Crazy Rich Asians
By: Kevin Kwan
Published June 11, 2013
When New Yorker Rachel Chu agrees to spend the summer in Singapore with her boyfriend, Nicholas Young, she envisions a humble family home and quality time with the man she hopes to marry. But Nick has failed to give his girlfriend a few key details. One, that his childhood home looks like a palace; two, that he grew up riding in more private planes than cars; and three, that he just happens to be the country’s most eligible bachelor.
On Nick’s arm, Rachel may as well have a target on her back the second she steps off the plane, and soon, her relaxed vacation turns into an obstacle course of old money, new money, nosy relatives, and scheming social climbers.
I don’t know why it has taken me so long to read this book. It’s been out for five years and I have seen it on bookshelves in the past, but I have never committed to buying and reading it. I recently saw that Crazy Rich Asians was being adapted into a movie coming out in August and I knew I needed to read it fast. I’m the kind of person who refuses to watch the movie adaptations of books until I have read the book first. If the book isn’t good, it’s likely the movie won’t be either.

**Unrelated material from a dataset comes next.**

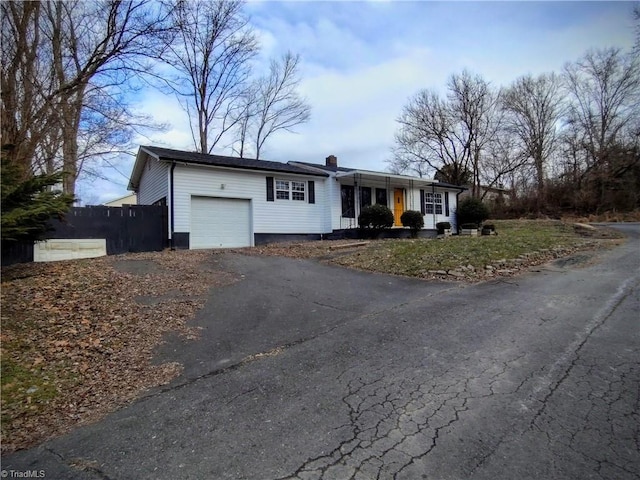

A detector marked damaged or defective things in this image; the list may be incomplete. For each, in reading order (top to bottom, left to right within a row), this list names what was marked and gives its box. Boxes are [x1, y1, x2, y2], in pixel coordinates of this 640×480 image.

cracked pavement [2, 223, 636, 478]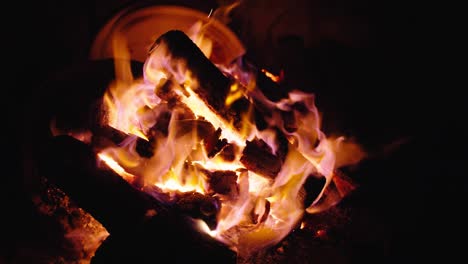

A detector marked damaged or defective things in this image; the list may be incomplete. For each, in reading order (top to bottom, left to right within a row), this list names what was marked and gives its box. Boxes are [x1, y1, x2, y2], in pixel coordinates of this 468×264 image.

burnt wood piece [39, 136, 236, 264]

I have always had an interest in Asian cultures. I studied Mandarin in high school and college, I have visited China, and I love Asian cuisine, history, and the emphasis they put on family. You don’t need to be an expert on Singaporean or Chinese history, or be familiar with the languages in order to read this book. Kwan does a fantastic job providing appropriate footnotes that translate common idioms or phrases, or provide context to historical events. The footnotes are not overwhelming, and you can hear how Kwan uses his personal voice more in these notes.
One thing that I appreciated about this book is that it is different from many of the romance novels I have read. The relationship between the main characters has already formed and about half of the book focuses on supporting characters. However, I never felt like any chapter was irrelevant to the story. Kwan is able to weave the development of Rachel and Nick’s relationship through the stories and viewpoints of others. It’s quite impressive.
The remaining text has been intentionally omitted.